Photographer: Feng Li/Getty Images

China Announces Start Date for Twice-a-Decade Party Reshuffle

  • Ruling Communist Party expected to kick off congress Oct. 18
  • Much of top leadership are slated for replacement at event

The Chinese Communist Party will likely begin its much-anticipated congress on Oct. 18, state media said, officially starting the clock on the country’s biggest political reshuffle since 2012. 

The 19th Party Congress’s proposed start date was announced Thursday after a meeting of the party’s Politburo, according to the official Xinhua News Agency. While the schedule is technically a recommendation and requires approval from the broader Central Committee, that’s usually a formality.
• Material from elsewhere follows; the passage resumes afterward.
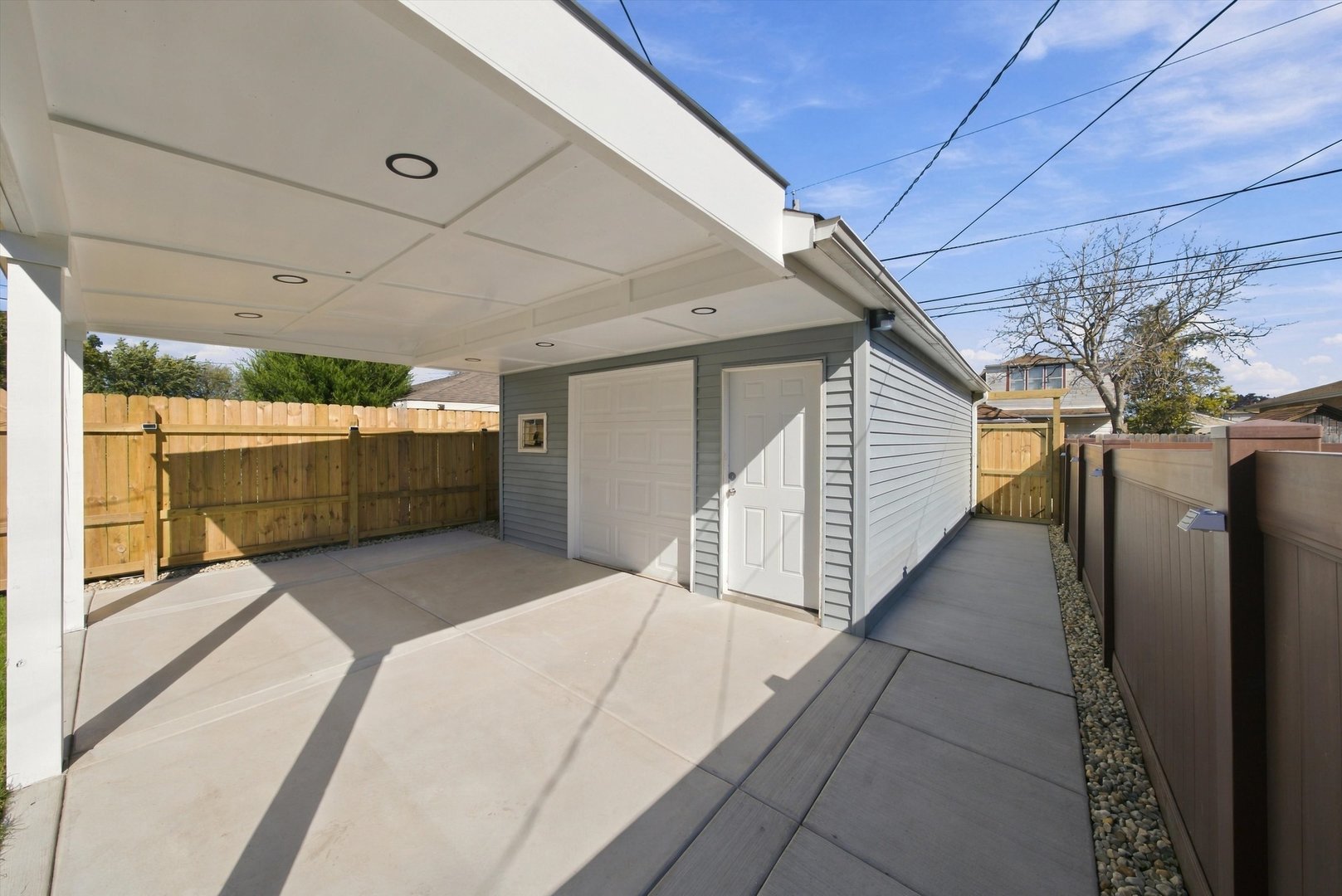 5711 S Mayfield Avenue Property Photo 3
The gathering of some 2,300 party delegates -- held every five years in Beijing -- will provide President Xi Jinping his biggest opportunity to reshuffle scores of top positions across the government and write his policies into the party’s guiding documents. As many as five of the seven officials on the Politburo’s elite Standing Committee -- and roughly half of the broader Central Committee -- could be replaced. 

The Politburo said the congress came during a “critical period of the development of socialism with Chinese characteristics,” according to Xinhua.
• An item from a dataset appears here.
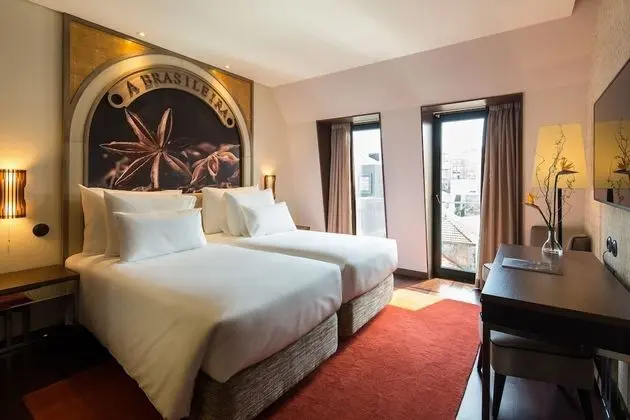 Superior Tek Büyük veya İki Ayrı Yataklı Oda (Grand View)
The week-long event will determine Xi’s ability to implement policies such as overhauling the world’s largest military or reducing China’s $33 trillion debt pile. The pageantry begins with a speech by Xi detailing the party’s policies for the next five years and ends with curtain call by the new Standing Committee line-up.
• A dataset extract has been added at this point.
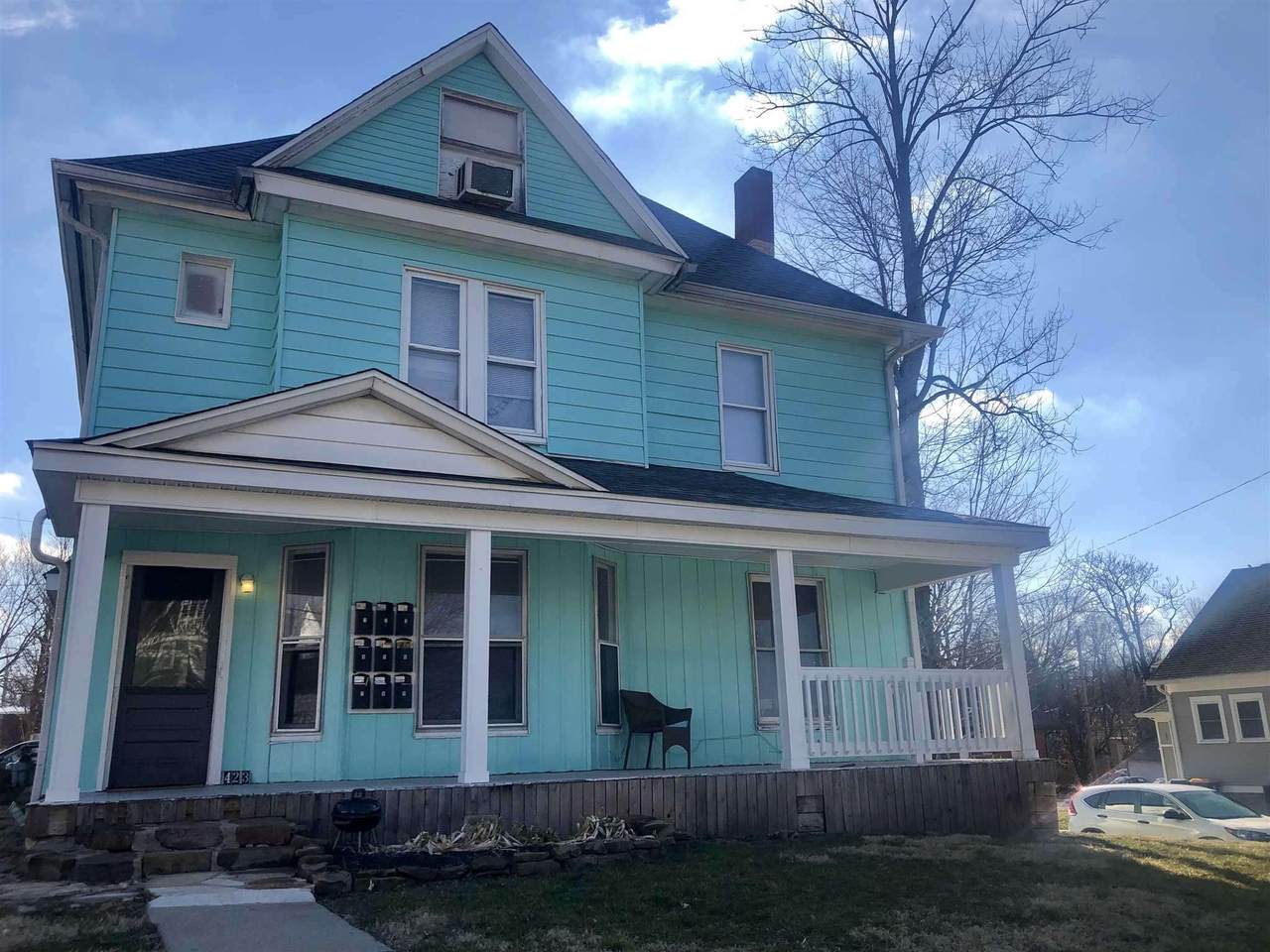 423 Fess Avenue - Photo 1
Read more: What to Watch in China’s Big, Secret Party Powwow: QuickTake Q&A

The brief announcement suggested dates for the meeting, as well as dates for an earlier conclave of China’s outgoing leadership. It noted that preparations for the event were going smoothly. The congress date is expected to be confirmed at a plenary session of the Central Committee on Oct. 11.

While the congress is in theory a decision-making body, the event is heavily stage managed. Still, surprises are common in the run-up to the party congress as behind-the-scene fights spill into public view.

In July, the party chief for the southwestern city of Chongqing, Sun Zhengcai, was unexpectedly removed from his post over alleged disciplinary violations. The one-time presidential contender was replaced with a long-time Xi associate, Chen Miner.